Welcome back to the Book Video Workshop. If you’re just joining us, please be sure to visit the previous discussions: Day 1: Deconstructing A Book Video, Day 2: Writing the Book Video Script; and Day 3: Imagery to Tell The Story. (This post was updated on 3/4/10.)
Music plays a vital role in commercials. The point of music in a commercial – and a book video is a commercial – is to make it memorable. To stand out. In the book Television Commercials, Charles Wainwright writes, “Advertising execs say ‘of the three elements going into most television commercials — picture, voice, and music — certainly the most important, emotionally and from the point of view of setting the mood, is the music.’”
In this workshop, I’ve probably said at one point or another that each element is the most important. But in truth, they are equally important because it’s the combined creation that elevates it to an emotional connection with your viewer. (And you don’t want that emotion to be boredom.)
But before discussing what to choose and what to focus on, we need to explain where to find your music and what all those licenses mean.

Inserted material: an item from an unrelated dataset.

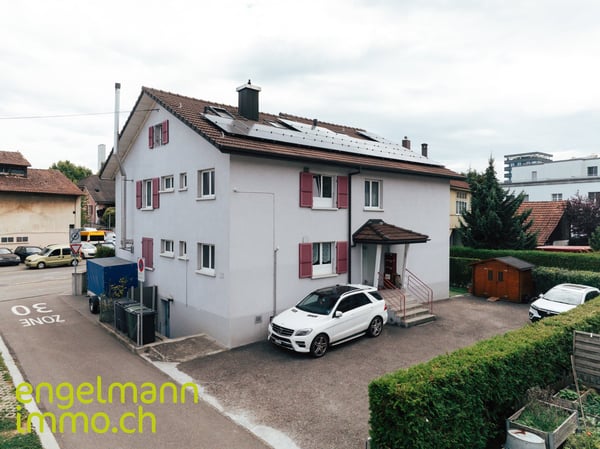 Immeuble de trois logements | Dreifamilienhaus 38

What does royalty-free mean?
As writers, you’re well aware of what royalties on your books are: the percentage of proceeds from a sale paid to the author. This works the same in music – royalties are paid to the composer or artist depending on how the work is used. When you purchase a license, you are purchasing permission to use the music in a specific format. There are two contrasting forms of licensing music – rights managed and royalty free.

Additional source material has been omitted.